Cooler Heads Digest

by William Yeatman on December 19, 2008

in Cooler Heads Digest

In the News

Obama Nominates Climate Alarmists for Science Posts
Juliet Eilperin & Joel Achenbach, Washington Post, 19 December 2008

EPA Goes Man-Hunting
Steven Milloy, FoxNews.com, 18 December 2008

Not Evil, Just Wrong
Hannity’s America, 15 December 2008

Cooling on Global Warming
Benny Peiser, Wall Street Journal, 16 December 2008

No Rush to New Kyoto?
Chris Horner, Human Events, 16 December 2008

Obama Makes Appointments for Energy, Environment Posts
Oil and Gas Journal, 16 December 2008

Power to the People
William Yeatman & Wayne Crews, Fredericksburg Free Lance Star, 14 December 2008

News You Can Use

Chu on China

“China’s addition of 90GW of coal-fired power plants installed in 2006 alone is expected to emit over 500 million tons of CO2 per year for their 40 year lifetimes. This is (sic) compared to the entire European Union’s Kyoto reduction commitment of 300 million tons of CO2.”—From Dr. Steven Chu’s congressional testimony March 2007. President-elect Barack Obama has nominated Dr. Chu to become Secretary of Energy.

Inside the Beltway

Obama’s Energy and Environment Team

Myron Ebell

Earlier this week, CEI sent out a press release headlined, “Obama Interior, Agriculture Appointees Complete Anti-Energy Team.” I don’t know what I was thinking. President-elect Obama clearly is not finished staffing his anti-energy team.

Today, Obama announced that he would nominate John Holdren to be his science adviser and director of the White House Office of Science and Technology Policy and Jane Lubchenco to head the National Oceanic and Atmospheric Administration.
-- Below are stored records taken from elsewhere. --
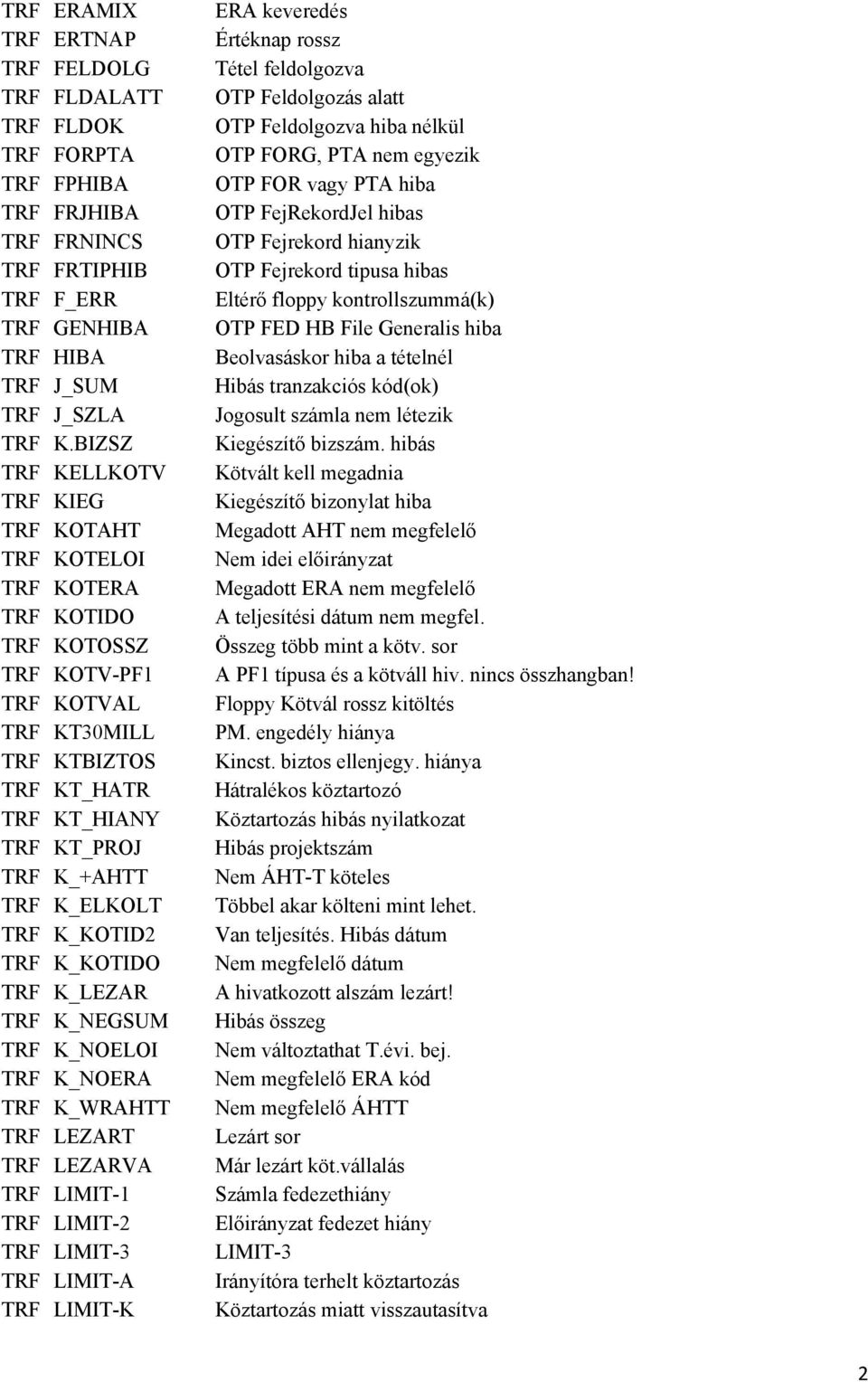 TRF K_KOTID2 TRF K_KOTIDO TRF K_LEZAR TRF K_NEGSUM TRF K_NOELOI TRF K_NOERA TRF K_WRAHTT TRF LEZART TRF LEZARVA TRF LIMIT-1 TRF LIMIT-2 TRF LIMIT-3 TRF LIMIT-A TRF LIMIT-K ERA keveredés Értéknap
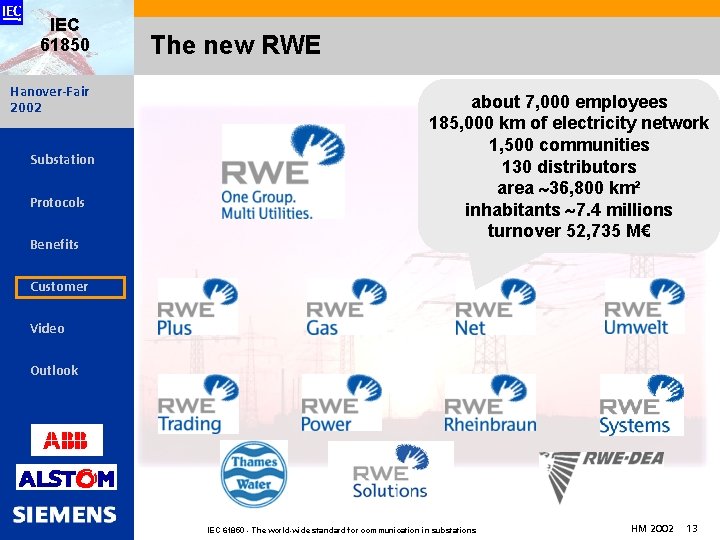 IEC 61850 Hanover-Fair 2002 Substation Protocols Benefits The new RWE about 7, 000 employees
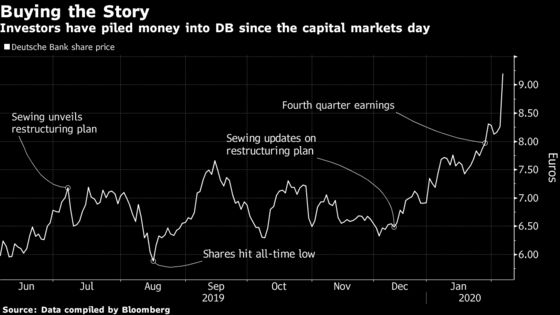 Deutsche Bank Wins Capital Group Backing, Sparking Rally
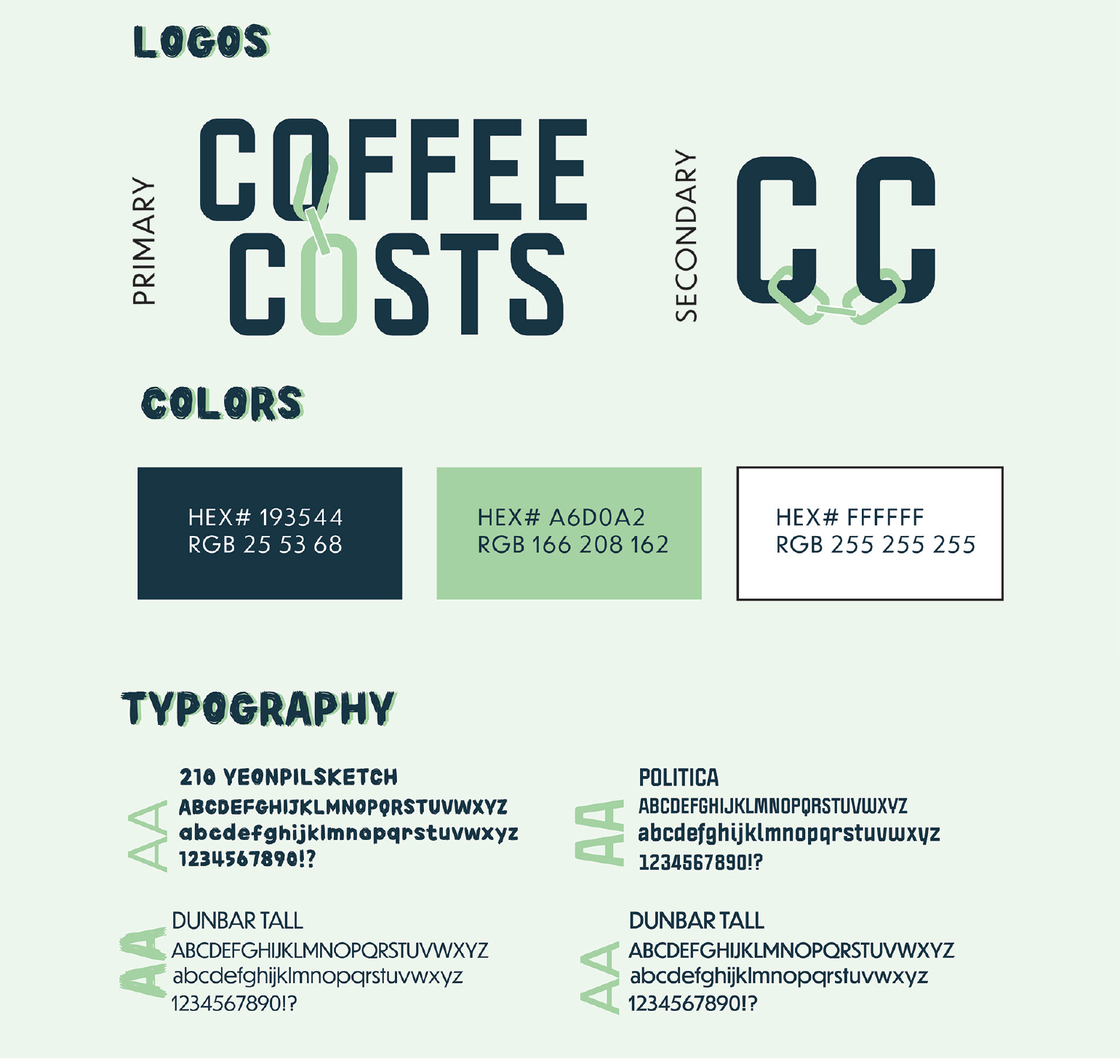 The brand guide sheet of of Coffee Costs, which features the logos, color schemes, and font choices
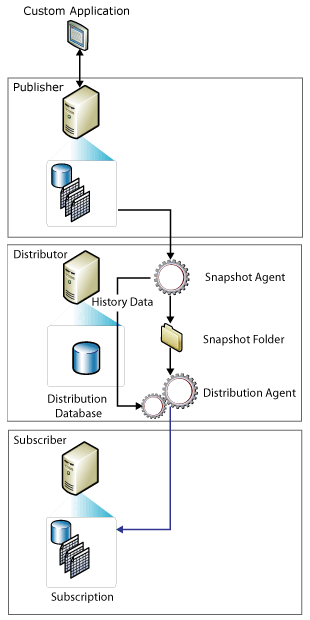 Captura de pantalla de componentes y flujo de datos de replicación de instantáneas.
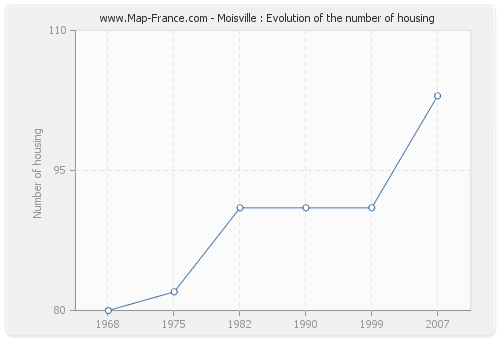 Moisville : Evolution of the number of housing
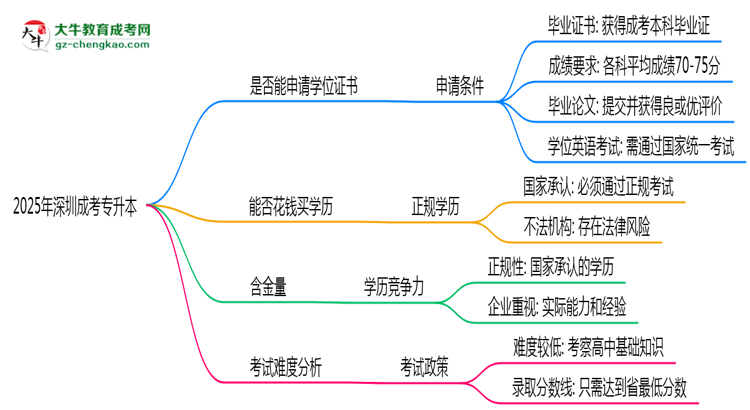 2025年深圳成考專升本畢業(yè)后能申請(qǐng)學(xué)位證書嗎？思維導(dǎo)圖
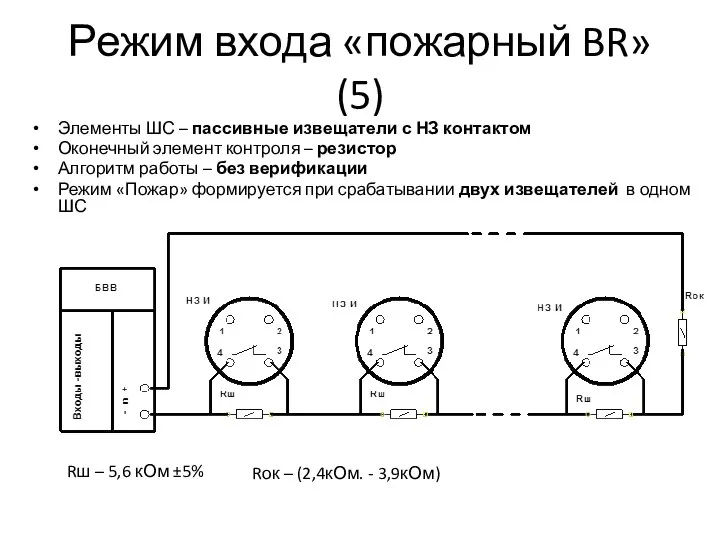 Режим входа «пожарный BR» (5) Элементы ШС – пассивные извещатели с НЗ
Dr. Holdren is a physicist who has become a radical apostle of global warming alarmism and energy-rationing policies, which Rob Bradley of the Institute for Energy Research detailed in a paper for CEI. Currently, he is Teresa and John Heinz Professor of Environmental Policy at Harvard University’s Kennedy School of Government and Director of the Woods Hole Research Center. The Woods Hole Research Center should not be confused with the Woods Hole Oceanographic Institution, although the name was chosen so that you would confuse it.  The Woods Hole Research Center is an environmental group that is tricked up to look like a scientific organization. Holdren was also a co-chairman of the self-styled National Commission on Energy Policy.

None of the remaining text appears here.